» **THE DATA**

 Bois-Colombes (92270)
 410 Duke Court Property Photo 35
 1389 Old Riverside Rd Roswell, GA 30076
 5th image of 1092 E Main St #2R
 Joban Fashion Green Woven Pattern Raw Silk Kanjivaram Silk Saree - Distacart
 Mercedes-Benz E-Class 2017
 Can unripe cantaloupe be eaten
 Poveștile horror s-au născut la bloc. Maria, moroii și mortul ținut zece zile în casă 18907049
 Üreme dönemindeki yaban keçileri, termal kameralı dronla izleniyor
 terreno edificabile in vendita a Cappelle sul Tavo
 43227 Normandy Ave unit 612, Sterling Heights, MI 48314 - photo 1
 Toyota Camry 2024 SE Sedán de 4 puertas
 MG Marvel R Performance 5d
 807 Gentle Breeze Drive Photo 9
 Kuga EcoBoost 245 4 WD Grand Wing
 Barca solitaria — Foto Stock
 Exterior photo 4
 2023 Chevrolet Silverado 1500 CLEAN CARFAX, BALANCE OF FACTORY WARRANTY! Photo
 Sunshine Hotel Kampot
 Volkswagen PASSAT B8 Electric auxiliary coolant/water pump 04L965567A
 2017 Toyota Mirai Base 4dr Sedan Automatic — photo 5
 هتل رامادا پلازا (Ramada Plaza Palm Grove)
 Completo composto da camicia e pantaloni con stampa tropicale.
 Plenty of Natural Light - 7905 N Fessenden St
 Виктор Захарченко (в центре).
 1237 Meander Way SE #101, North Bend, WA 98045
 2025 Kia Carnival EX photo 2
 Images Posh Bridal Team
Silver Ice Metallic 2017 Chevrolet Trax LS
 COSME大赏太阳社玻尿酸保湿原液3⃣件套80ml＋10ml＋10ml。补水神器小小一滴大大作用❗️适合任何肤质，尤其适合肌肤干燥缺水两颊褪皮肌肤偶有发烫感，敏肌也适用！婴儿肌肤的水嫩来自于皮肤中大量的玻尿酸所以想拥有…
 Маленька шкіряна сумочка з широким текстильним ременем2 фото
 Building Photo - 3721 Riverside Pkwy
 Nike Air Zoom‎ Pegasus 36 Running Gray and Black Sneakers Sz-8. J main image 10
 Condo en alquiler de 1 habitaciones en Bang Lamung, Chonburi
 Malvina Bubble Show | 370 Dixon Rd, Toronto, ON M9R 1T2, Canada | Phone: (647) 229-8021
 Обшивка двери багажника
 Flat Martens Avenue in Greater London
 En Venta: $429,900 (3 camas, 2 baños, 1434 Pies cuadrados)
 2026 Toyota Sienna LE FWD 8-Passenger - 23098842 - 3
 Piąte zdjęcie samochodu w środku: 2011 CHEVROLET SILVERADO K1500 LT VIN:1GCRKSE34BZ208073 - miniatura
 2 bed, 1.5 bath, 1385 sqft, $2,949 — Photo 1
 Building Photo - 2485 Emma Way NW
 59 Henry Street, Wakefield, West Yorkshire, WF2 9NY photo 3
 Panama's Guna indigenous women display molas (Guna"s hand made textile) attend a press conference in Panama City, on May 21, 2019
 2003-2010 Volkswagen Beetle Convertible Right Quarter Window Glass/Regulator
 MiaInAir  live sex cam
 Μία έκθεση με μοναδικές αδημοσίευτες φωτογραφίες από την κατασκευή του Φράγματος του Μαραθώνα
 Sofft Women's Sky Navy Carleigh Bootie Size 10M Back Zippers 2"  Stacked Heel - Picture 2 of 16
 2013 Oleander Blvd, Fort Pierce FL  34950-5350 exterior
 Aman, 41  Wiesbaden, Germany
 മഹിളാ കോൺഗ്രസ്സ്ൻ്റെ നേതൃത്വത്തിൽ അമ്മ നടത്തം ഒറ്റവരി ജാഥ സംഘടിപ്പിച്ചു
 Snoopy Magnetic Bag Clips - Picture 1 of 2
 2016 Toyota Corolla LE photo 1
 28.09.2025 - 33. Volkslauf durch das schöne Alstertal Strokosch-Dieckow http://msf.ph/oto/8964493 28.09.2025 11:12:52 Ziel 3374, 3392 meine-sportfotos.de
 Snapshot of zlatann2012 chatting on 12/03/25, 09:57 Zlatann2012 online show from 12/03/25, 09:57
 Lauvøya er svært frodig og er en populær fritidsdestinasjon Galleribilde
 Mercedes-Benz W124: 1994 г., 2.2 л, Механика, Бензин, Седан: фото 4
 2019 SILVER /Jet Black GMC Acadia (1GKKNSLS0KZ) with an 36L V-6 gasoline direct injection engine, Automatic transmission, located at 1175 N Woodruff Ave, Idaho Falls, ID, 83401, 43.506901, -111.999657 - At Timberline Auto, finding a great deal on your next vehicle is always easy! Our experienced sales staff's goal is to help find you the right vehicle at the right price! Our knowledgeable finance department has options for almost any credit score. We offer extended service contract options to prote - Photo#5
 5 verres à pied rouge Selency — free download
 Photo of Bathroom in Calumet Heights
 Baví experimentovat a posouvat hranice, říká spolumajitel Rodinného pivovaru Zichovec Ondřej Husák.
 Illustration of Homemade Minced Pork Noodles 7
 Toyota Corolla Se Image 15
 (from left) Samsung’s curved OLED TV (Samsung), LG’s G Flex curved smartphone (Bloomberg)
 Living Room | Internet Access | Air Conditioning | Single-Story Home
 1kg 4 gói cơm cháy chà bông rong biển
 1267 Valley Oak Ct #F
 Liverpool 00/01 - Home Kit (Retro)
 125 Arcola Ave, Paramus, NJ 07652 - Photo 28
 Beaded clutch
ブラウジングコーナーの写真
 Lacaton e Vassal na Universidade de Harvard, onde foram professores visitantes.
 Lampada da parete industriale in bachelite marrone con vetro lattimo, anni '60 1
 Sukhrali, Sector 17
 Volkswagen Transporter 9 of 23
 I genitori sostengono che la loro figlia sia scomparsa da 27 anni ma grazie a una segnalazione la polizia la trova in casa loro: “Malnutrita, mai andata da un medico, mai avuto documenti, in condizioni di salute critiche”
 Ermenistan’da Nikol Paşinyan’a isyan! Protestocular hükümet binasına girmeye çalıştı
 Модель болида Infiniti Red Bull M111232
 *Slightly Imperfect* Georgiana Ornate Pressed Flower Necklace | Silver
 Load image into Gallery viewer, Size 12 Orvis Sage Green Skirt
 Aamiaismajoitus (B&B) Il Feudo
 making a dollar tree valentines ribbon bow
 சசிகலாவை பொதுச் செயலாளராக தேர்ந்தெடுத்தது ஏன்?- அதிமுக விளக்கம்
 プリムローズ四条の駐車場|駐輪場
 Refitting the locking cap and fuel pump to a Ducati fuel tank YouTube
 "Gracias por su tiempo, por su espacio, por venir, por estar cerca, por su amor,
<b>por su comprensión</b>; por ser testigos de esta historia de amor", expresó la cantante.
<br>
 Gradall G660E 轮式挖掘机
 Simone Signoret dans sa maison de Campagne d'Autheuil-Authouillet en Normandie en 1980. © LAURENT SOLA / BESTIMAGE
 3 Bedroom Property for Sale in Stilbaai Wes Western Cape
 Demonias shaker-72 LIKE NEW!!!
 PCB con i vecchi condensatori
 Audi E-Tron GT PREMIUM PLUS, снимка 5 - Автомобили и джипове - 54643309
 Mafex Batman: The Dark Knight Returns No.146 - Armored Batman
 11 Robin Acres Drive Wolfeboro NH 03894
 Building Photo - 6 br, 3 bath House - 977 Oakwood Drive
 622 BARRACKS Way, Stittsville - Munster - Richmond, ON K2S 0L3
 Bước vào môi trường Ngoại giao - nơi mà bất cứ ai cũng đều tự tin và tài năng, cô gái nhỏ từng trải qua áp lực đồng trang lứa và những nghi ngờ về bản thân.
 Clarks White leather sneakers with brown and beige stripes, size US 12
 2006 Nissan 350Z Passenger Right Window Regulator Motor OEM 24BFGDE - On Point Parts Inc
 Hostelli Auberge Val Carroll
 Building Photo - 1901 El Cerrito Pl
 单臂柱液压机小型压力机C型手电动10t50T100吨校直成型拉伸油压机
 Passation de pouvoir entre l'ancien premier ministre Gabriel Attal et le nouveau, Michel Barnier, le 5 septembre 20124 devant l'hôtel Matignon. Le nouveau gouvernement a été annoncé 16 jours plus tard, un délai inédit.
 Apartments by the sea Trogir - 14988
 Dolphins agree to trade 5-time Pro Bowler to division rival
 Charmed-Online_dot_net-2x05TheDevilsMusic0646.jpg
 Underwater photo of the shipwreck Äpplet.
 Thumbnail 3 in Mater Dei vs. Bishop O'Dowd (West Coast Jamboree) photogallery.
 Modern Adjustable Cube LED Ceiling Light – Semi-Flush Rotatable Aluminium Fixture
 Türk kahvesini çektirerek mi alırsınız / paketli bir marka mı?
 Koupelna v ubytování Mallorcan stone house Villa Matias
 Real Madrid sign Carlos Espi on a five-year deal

» **WORK TASK**
Copy verbatim, from the listing above, each line from the one containing "Volkswagen PASSAT B8" down to the one containing "COSME大赏太阳社玻尿酸保", inclusive.

» **OUTPUT BELOW**
 Volkswagen PASSAT B8 Electric auxiliary coolant/water pump 04L965567A
 2017 Toyota Mirai Base 4dr Sedan Automatic — photo 5
 هتل رامادا پلازا (Ramada Plaza Palm Grove)
 Completo composto da camicia e pantaloni con stampa tropicale.
 Plenty of Natural Light - 7905 N Fessenden St
 Виктор Захарченко (в центре).
 1237 Meander Way SE #101, North Bend, WA 98045
 2025 Kia Carnival EX photo 2
 Images Posh Bridal Team
Silver Ice Metallic 2017 Chevrolet Trax LS
 COSME大赏太阳社玻尿酸保湿原液3⃣件套80ml＋10ml＋10ml。补水神器小小一滴大大作用❗️适合任何肤质，尤其适合肌肤干燥缺水两颊褪皮肌肤偶有发烫感，敏肌也适用！婴儿肌肤的水嫩来自于皮肤中大量的玻尿酸所以想拥有…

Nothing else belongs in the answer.